76. Fomentar la estima del sacerdocio en las familias cristianas, en los ámbitos
educativos, en las comunidades eclesiales y, con particular atención, en la pastoral
juvenil (insisten en el significado vocacional de la pastoral juvenil 381 [441212]; y
174 en el del acompañamiento de los jóvenes [4412/4]; en el de las familias
cristianas, 376 [4412/3]; otros hablan de los colegios, la catequesis, los monaguillos
[28 respuestas, en: 4412/5], etc.).
77. Dar testimonio de la propia vocación sacerdotal como entrega de corazón al Señor y
a su Iglesia, particularmente en la celebración de la Eucaristía (varios piden el
testimonio de sacerdotes santos [4412/6; 4414; 4421/2]; es escasa la referencia a la
Eucaristía).
78. A través de la cercanía y del testimonio personal de los sacerdotes, facilitar el
conocimiento de la belleza, la alegría y la fecundidad de la entrega al Señor en la
vocación sacerdotal (resuena con frecuencia el deseo de una imagen y de un
testimonio sacerdotal atractivo, con diversos acentos [varios en: 4413/3; 4414];
piden formas de testimonio personal del sacerdote 311 respuestas [442112]).
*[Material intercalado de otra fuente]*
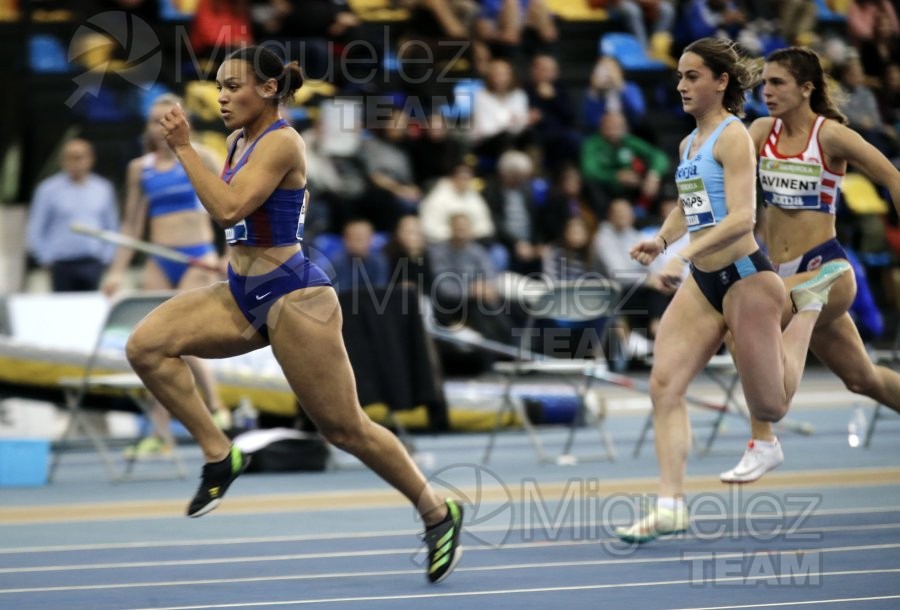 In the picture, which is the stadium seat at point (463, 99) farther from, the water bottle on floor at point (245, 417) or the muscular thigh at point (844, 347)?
the muscular thigh at point (844, 347)

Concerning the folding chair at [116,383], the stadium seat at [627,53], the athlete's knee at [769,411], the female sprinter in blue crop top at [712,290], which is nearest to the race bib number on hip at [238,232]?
the female sprinter in blue crop top at [712,290]

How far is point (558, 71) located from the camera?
18.1m

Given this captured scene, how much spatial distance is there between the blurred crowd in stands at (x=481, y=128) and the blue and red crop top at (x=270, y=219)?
7077 millimetres

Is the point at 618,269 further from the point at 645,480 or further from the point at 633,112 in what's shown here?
the point at 645,480

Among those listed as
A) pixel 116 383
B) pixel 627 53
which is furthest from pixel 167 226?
pixel 627 53

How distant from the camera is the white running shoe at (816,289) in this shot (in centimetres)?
702

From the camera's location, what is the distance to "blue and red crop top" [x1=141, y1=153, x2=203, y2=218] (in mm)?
10656

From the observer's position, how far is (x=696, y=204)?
670 centimetres

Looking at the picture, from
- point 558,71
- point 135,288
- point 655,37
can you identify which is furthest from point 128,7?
point 655,37

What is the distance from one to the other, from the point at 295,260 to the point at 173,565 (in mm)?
1601

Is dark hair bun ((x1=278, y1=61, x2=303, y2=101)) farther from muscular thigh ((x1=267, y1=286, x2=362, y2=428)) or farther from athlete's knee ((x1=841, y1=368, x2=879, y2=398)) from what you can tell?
athlete's knee ((x1=841, y1=368, x2=879, y2=398))

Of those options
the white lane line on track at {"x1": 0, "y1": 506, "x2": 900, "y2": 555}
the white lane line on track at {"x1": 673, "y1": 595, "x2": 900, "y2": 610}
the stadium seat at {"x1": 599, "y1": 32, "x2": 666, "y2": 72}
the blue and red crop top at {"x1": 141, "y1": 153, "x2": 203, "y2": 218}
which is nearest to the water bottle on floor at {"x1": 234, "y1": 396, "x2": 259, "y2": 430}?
the blue and red crop top at {"x1": 141, "y1": 153, "x2": 203, "y2": 218}

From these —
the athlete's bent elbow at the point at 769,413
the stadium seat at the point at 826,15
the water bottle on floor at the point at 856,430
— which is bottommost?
the water bottle on floor at the point at 856,430

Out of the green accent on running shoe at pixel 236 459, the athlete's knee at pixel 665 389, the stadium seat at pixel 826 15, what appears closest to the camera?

79. Prestar atención a los seminarios, adecuando la formación a las nuevas exigencias
de la evangelización y promoviendo la cercanía de los seminaristas a la vida
ec1esial real, en especial a los jóvenes (piden prestar atención a los seminarios 242
respuestas [4413], de las que 131 insisten en la relación con la vida eclesial real
[441312] y 88 en las exigencias de la nueva evangelización [4413/1]).